Database virtualization and thin provisioning are new and powerful ways to share/reuse storage among non-production database copies.
Solutions for reducing the disk footprint of non-production Oracle databases range from complete database virtualization (Delphix, etc), to solutions build around storage vendor’s features (EMC,NetApps, etc), to purely software solutions (cloneDB, etc).
Sharing read-only tablespaces – a “poor man’s” database virtualization – is less known approach for saving disk space and improving refresh times in non-production environments. Here is a link to the presentation I did at NYOUG (2012) about this topic.
What are we measuring and why?
In general, most solutions are quite effective, both in terms of storage and refresh time, in delivering a copy of the production database.
Once the copy is delivered, it is open for users and batch jobs, so it starts changing. Those changes belong to the new database and therefore cannot be shared with the other non-production databases. That means that they consume “real” disk space. The more DB changes since refresh, the lower the benefits of the DB virtualization/thin provisioning solution.
Measuring the amount of change after a refresh is important in understanding how much disk space would be needed for the non-production Oracle environments after DB virtualization/thin provisioning is in place. The number is essential in computing ROI of the project.
How are we measuring it?
One way to measure the change is to run an incremental RMAN backup and see how big the resulting backup file(s) is. In many cases, however, that is not doable.
The method described here works only on 11gR2. It only requires the SCN of the DB at the time of refresh.
The information can be find in V$DATABASE (RESETLOG_CHANGE#) for databases created by RMAN DUPLICATE.
If the data was transferred with DataPump, or other similar method, a suitable SCN can be found in V$ARCHIVED_LOG (FIRST_CHANGE#, NEXT_CHANGE#).
The new DBVerify feature allows us to utilize HIGH_SCN parameter to find out how many blocks where changes since HIGH_SCN.

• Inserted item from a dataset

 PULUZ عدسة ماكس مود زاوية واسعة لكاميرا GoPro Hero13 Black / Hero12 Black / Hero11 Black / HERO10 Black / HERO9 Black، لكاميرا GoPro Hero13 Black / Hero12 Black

Let’s see how many blocks were modified after SCN 69732272706.
It is really easy:
dbv userid=sys/?????????? file=/tmp/test.dbf HIGH_SCN=69732272706
Page 64635 SCN 1012797077 (16.1012797077) exceeds highest scn to check 1012795970 (16.1012795970)
Page 66065 SCN 1012796687 (16.1012796687) exceeds highest scn to check 1012795970 (16.1012795970)
Page 66187 SCN 1012796687 (16.1012796687) exceeds highest scn to check 1012795970 (16.1012795970)
Page 87759 SCN 1012796692 (16.1012796692) exceeds highest scn to check 1012795970 (16.1012795970)
DBVERIFY - Verification complete
Total Pages Examined : 93440
Total Pages Processed (Data) : 62512
Total Pages Failing (Data) : 0
Total Pages Processed (Index): 9399
Total Pages Failing (Index): 0
Total Pages Processed (Other): 6119
Total Pages Processed (Seg) : 1705
Total Pages Failing (Seg) : 0
Total Pages Empty : 13705
Total Pages Marked Corrupt : 0
Total Pages Influx : 0
Total Pages Encrypted : 0
Total Pages Exceeding Highest Block SCN Specified: 39
Highest block SCN : 1012797131 (16.1012797131)
In this case, only 39 blocks (out of 100K) were modified after SCN 69732272706.
Please note that even though DBVerify (dbv) can work with open DB files, it will not account for changed blocks that were not yet written to the file.
Also, as per MOS document 985284.1 – ” Why HIGH_SCN Option Doesn’t Work While Running DBV Against ASM Files?” – the HIGH_SCN flag works only for files that are not stored in ASM. Hope they fix that problem soon.